Quand Louise a quitté le hall, escortée par
le contremaître, j'aurai donné n'importe quoi pour que le vieux linoléum
s'ouvre sous mes pieds pour m'engloutir.
Je l'ai fixé longtemps mais le sol est resté désespérément immobile. Alors, je
me suis réfugié dans les toilettes. J'en
ressors au bout d'un long, très long moment. Quand je regagne mon bureau, les deux secrétaires ne me
quittent pas des yeux. Je ne sais pas ce qu'elles attendent de moi, que je
pleure, que je parle, que je les envoie balader? Sans un mot je m'assieds.
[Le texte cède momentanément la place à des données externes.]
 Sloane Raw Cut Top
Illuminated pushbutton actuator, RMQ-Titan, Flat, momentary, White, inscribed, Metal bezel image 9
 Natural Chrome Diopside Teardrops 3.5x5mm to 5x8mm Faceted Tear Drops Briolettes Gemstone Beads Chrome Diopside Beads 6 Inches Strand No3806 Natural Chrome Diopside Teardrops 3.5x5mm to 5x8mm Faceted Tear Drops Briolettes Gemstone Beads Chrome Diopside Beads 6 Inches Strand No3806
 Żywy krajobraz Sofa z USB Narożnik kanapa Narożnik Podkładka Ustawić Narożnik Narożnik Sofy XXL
Pour
me donner une contenance, je remets un peu d'ordre sur mon bureau qui est vide,
mis à part quelques bons de commandes que j'empile soigneusement. J'ai envie de
me sauver, de courir très loin. Mais j'ai trop besoin de mon salaire à la fin
de la semaine. Je dois tenir jusqu'à demain, jusqu'à ce que j'appelle Jef.
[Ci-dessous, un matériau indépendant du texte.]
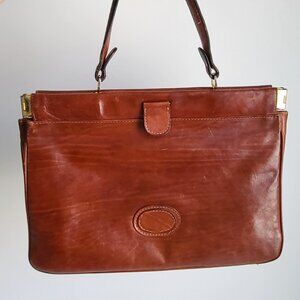 Vintage Italian Leather Handbag | Made in Italy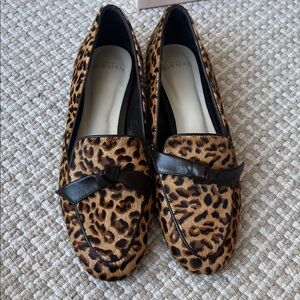 ALEXANDRE BIRMAN CLARITA BELGIAN LOAFER LEOPARD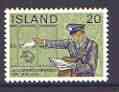 Iceland 1974 Postman from UPU set unmounted mint, SG 530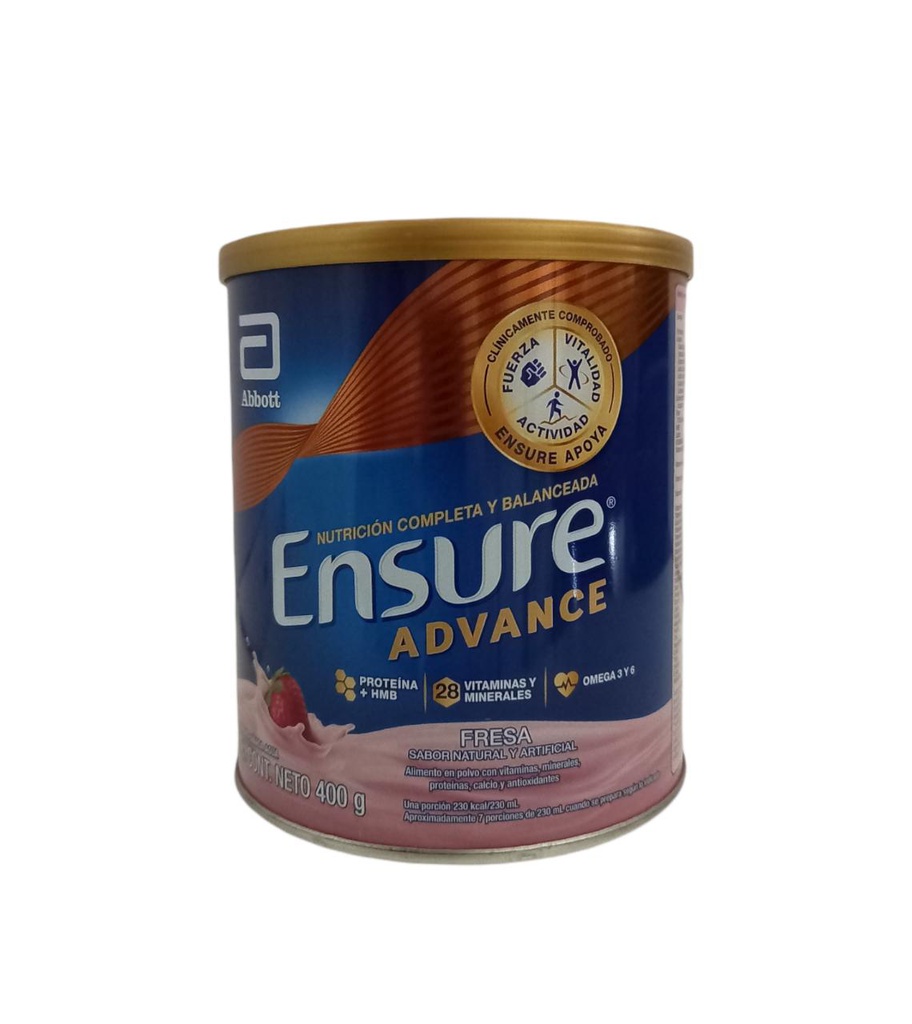 ENSURE ADVANCE FRESA X 400G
L'après-midi est interminable. Quand il est
enfin dix-sept heures, j'attrape mon blouson et je file sans demander mon
reste. Je prends le bus qui va au centre commercial. Si ce soir je veux
échapper aux hamburgers, quelques achats s'imposent. Et surtout, je veux
oublier tout ce qui c'est passé cet après-midi. Et traîner dans les rayons d'un supermarché me
semble un bon moyen.
Bizarrement, je me sens un peu soulagé. Je
savais que Louise ne lâcherait pas si facilement, que ce serait sa petite
vengeance. Le scandale que j'appréhendais tant est maintenant derrière. Je suis
tranquille. Enfin, je pense. Elle peut très bien revenir ou me préparer autre
chose.
Un panier rouge à la main, j'arpente les
allées du supermarché à la recherche de mon repas. Je prends du pain, du
fromage, des yaourts et du café soluble, pour ma dose quotidienne de caféine.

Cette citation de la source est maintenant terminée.